### Your objective
Once you find the line with "Vedika - Dark" in the listing below, set down exactly every line from it through the line with "Music And Coffee T-Shirt - Military Green", but no pictures.

### Given information
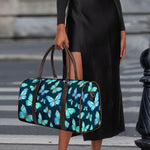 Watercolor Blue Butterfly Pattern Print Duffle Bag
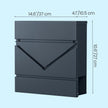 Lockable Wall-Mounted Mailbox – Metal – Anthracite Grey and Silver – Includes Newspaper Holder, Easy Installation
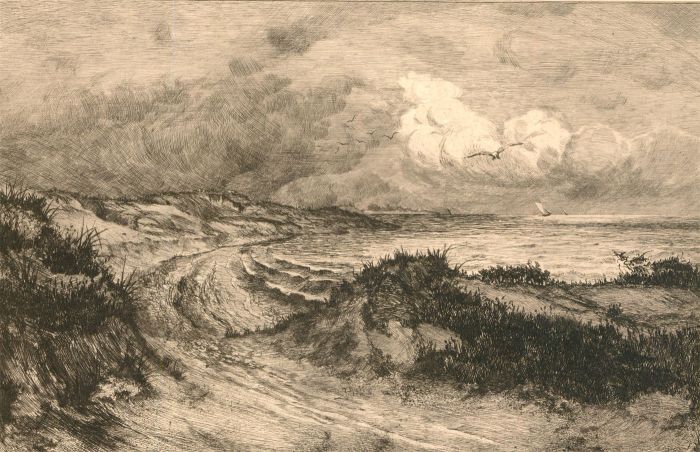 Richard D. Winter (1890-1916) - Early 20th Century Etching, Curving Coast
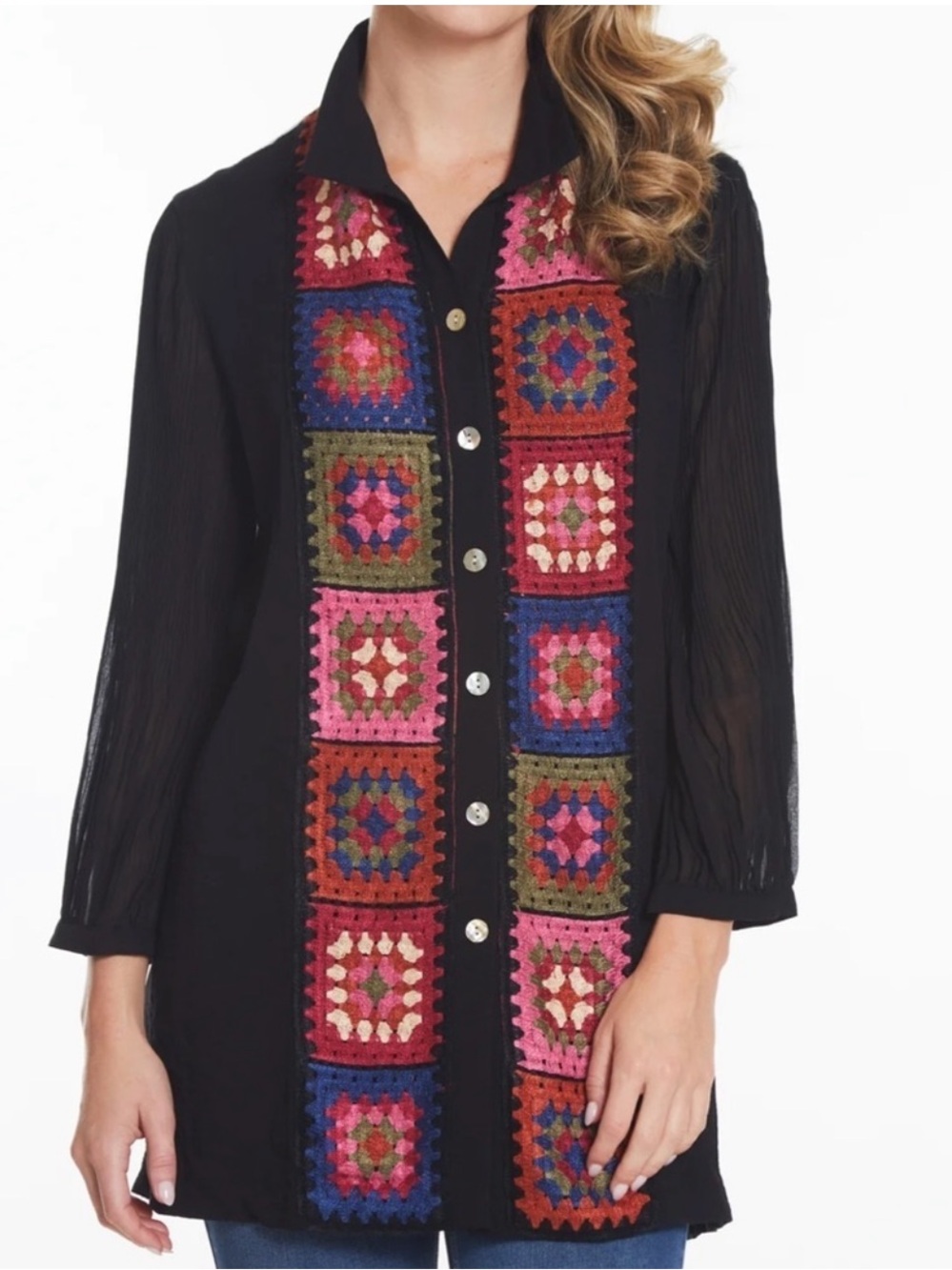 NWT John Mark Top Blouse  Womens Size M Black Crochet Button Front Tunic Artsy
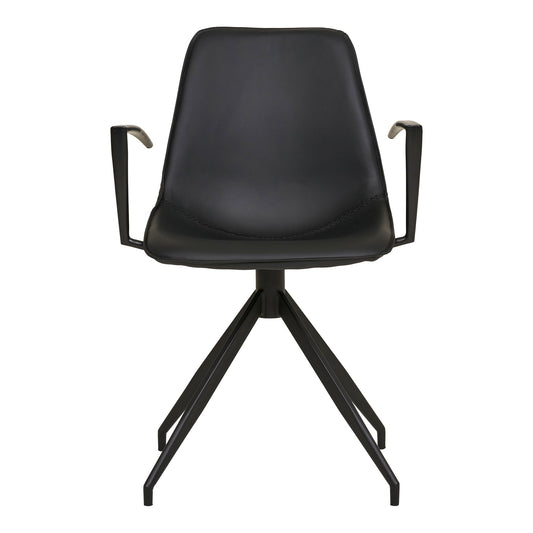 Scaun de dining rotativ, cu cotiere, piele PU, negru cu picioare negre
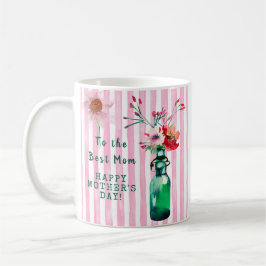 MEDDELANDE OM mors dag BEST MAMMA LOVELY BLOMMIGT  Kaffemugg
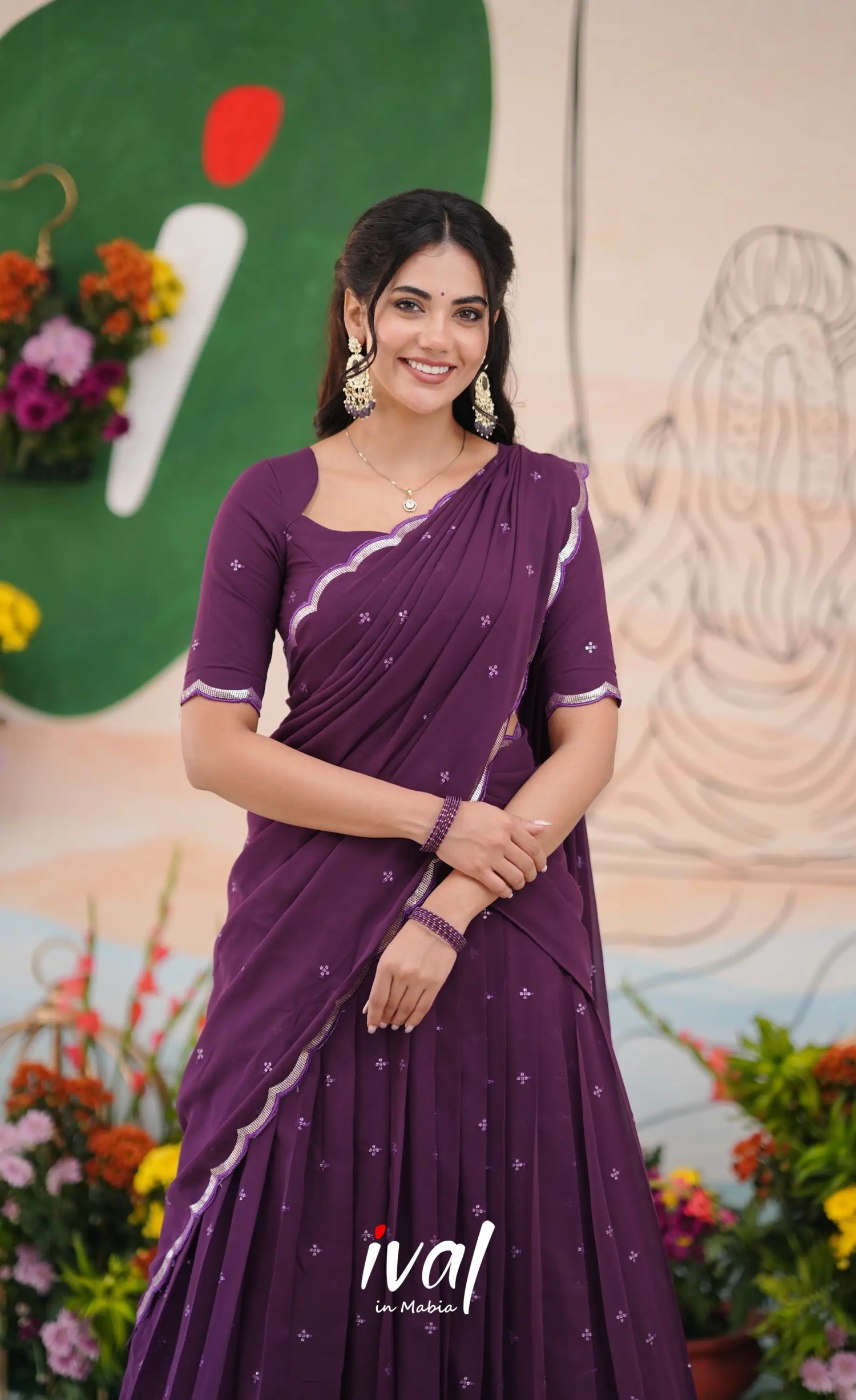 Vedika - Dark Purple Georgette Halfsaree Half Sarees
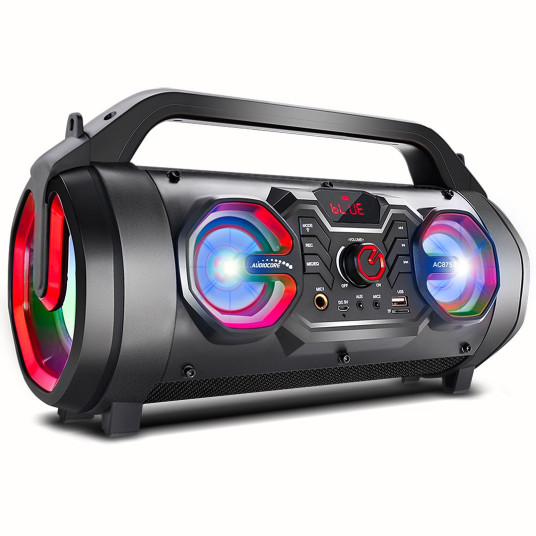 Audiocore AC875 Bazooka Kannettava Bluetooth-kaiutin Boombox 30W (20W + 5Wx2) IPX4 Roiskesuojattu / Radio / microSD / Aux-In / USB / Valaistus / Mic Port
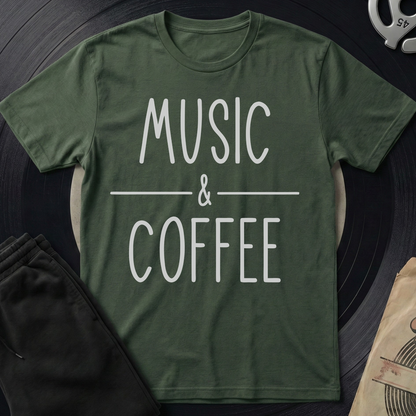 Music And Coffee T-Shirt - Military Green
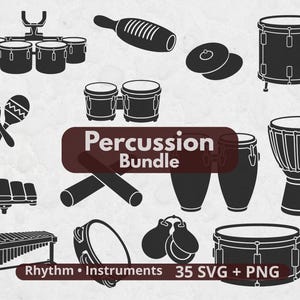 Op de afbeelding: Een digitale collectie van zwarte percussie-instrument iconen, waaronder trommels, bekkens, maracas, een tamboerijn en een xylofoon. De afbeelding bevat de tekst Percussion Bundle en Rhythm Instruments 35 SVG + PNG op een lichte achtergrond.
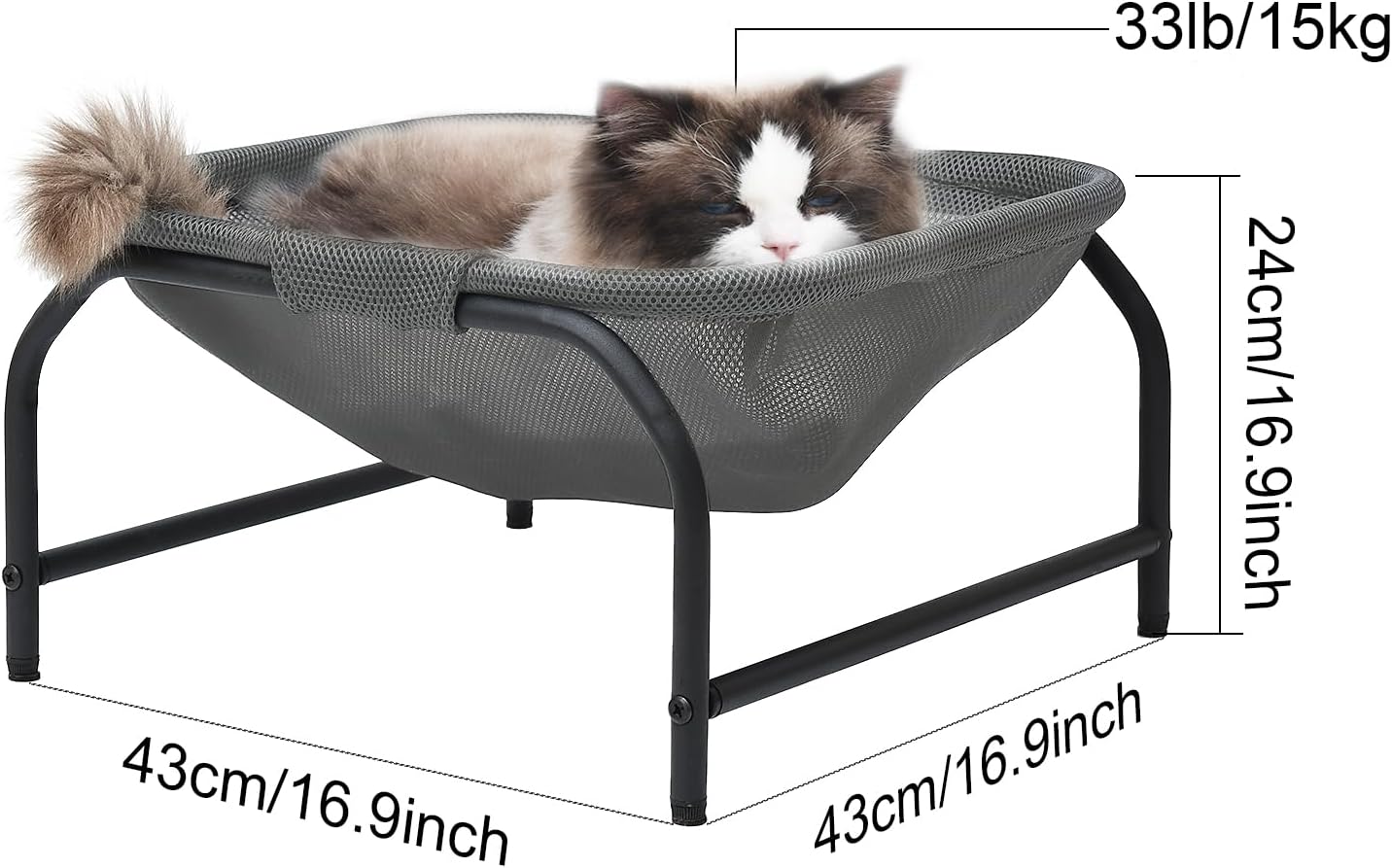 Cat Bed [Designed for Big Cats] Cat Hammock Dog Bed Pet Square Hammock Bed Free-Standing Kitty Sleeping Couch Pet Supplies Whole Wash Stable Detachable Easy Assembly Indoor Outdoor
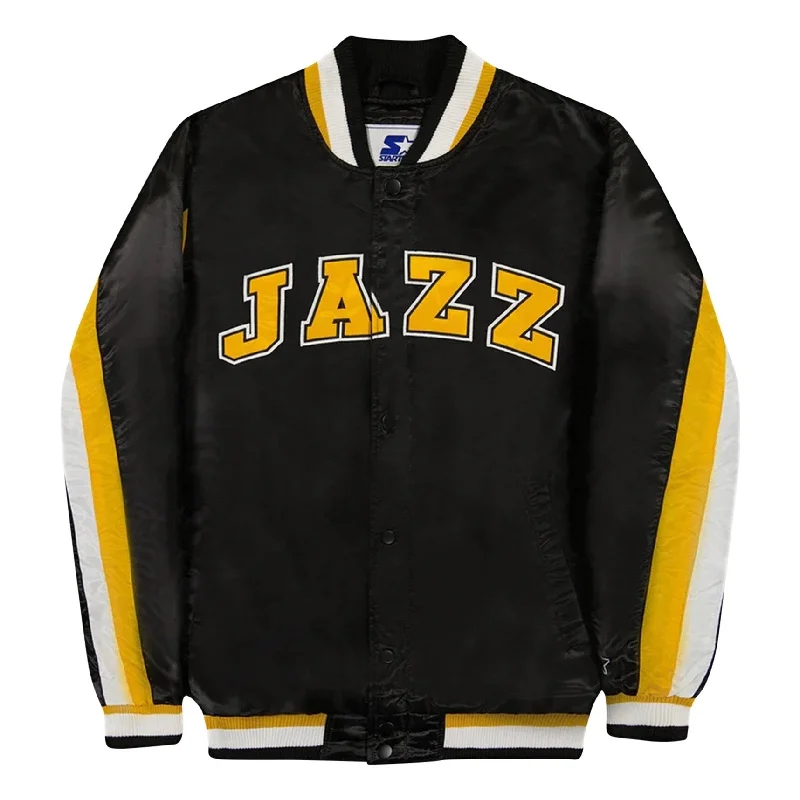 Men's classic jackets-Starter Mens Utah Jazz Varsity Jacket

### Response to the exercise
 Vedika - Dark Purple Georgette Halfsaree Half Sarees
 Audiocore AC875 Bazooka Kannettava Bluetooth-kaiutin Boombox 30W (20W + 5Wx2) IPX4 Roiskesuojattu / Radio / microSD / Aux-In / USB / Valaistus / Mic Port
 Music And Coffee T-Shirt - Military Green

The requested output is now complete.